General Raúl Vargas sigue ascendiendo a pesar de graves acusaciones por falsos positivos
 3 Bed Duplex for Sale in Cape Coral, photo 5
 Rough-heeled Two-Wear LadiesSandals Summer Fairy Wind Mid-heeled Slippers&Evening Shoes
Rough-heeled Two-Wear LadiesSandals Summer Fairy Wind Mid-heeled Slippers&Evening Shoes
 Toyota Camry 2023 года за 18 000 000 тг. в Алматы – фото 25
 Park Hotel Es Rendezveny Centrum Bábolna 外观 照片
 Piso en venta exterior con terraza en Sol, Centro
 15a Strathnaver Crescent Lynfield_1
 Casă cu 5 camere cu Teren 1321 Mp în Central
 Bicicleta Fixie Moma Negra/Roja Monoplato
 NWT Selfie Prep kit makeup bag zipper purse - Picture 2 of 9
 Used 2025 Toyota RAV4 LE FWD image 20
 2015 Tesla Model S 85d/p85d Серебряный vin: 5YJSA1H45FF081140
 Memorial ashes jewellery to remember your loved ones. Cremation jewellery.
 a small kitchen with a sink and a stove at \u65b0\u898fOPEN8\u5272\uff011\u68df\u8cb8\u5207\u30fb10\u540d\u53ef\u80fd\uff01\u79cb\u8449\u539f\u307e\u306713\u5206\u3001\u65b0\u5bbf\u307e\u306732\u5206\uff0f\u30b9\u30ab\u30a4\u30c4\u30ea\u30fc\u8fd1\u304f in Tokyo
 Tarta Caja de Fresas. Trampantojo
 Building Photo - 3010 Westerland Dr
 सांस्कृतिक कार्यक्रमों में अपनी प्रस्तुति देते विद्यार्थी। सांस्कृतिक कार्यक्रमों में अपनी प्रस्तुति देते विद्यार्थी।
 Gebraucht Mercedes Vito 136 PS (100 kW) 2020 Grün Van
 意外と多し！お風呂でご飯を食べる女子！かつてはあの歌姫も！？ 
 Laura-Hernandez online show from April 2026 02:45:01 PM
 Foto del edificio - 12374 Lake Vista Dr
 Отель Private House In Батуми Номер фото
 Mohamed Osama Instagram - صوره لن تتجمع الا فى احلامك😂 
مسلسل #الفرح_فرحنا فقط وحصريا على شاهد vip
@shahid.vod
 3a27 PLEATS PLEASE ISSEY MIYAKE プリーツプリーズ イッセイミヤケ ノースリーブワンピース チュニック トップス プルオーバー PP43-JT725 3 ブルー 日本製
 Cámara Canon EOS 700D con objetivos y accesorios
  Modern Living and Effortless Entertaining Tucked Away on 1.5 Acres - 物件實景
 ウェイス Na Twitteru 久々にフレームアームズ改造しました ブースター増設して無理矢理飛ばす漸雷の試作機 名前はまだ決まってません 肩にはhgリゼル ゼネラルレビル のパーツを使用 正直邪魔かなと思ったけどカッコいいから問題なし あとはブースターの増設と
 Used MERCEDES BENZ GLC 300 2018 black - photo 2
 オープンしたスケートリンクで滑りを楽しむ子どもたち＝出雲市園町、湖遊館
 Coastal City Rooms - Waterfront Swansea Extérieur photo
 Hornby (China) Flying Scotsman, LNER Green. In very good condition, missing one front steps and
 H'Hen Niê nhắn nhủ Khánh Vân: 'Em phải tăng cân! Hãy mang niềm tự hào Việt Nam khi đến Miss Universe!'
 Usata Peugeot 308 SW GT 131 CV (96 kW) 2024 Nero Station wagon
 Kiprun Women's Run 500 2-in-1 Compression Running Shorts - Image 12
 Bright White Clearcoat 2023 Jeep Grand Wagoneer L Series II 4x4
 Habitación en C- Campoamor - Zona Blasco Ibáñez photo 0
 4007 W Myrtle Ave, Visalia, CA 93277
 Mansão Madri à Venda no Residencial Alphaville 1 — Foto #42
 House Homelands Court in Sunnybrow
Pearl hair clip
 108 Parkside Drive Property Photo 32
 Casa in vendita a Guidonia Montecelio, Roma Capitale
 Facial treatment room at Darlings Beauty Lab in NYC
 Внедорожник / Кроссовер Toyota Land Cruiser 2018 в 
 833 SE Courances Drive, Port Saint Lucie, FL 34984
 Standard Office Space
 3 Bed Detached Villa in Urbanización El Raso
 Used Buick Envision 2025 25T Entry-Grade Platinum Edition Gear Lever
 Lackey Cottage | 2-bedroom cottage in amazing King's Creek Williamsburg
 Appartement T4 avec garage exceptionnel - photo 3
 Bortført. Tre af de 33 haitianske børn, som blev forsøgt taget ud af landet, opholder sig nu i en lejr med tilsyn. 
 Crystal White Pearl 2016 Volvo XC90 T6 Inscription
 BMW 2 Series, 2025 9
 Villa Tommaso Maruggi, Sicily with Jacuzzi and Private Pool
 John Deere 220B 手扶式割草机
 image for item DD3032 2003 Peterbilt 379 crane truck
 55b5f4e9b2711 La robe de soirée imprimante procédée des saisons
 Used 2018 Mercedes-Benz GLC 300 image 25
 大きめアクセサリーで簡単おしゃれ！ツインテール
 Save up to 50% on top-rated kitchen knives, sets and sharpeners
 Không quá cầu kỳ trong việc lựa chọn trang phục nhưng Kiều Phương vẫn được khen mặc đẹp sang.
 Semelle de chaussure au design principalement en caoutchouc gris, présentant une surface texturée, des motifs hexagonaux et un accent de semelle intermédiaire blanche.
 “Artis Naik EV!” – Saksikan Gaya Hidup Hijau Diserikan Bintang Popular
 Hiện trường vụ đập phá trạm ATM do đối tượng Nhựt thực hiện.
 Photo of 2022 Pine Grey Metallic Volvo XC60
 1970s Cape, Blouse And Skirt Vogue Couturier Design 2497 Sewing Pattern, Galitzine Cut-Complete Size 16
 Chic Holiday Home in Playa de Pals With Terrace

**Aim of the exercise**
Lines from the one containing "Used 2018 Mercedes-Benz GLC 300 image 25" to the end of the data are to be printed exactly, including the first and last.

**Answer area**
 Used 2018 Mercedes-Benz GLC 300 image 25
 大きめアクセサリーで簡単おしゃれ！ツインテール
 Save up to 50% on top-rated kitchen knives, sets and sharpeners
 Không quá cầu kỳ trong việc lựa chọn trang phục nhưng Kiều Phương vẫn được khen mặc đẹp sang.
 Semelle de chaussure au design principalement en caoutchouc gris, présentant une surface texturée, des motifs hexagonaux et un accent de semelle intermédiaire blanche.
 “Artis Naik EV!” – Saksikan Gaya Hidup Hijau Diserikan Bintang Popular
 Hiện trường vụ đập phá trạm ATM do đối tượng Nhựt thực hiện.
 Photo of 2022 Pine Grey Metallic Volvo XC60
 1970s Cape, Blouse And Skirt Vogue Couturier Design 2497 Sewing Pattern, Galitzine Cut-Complete Size 16
 Chic Holiday Home in Playa de Pals With Terrace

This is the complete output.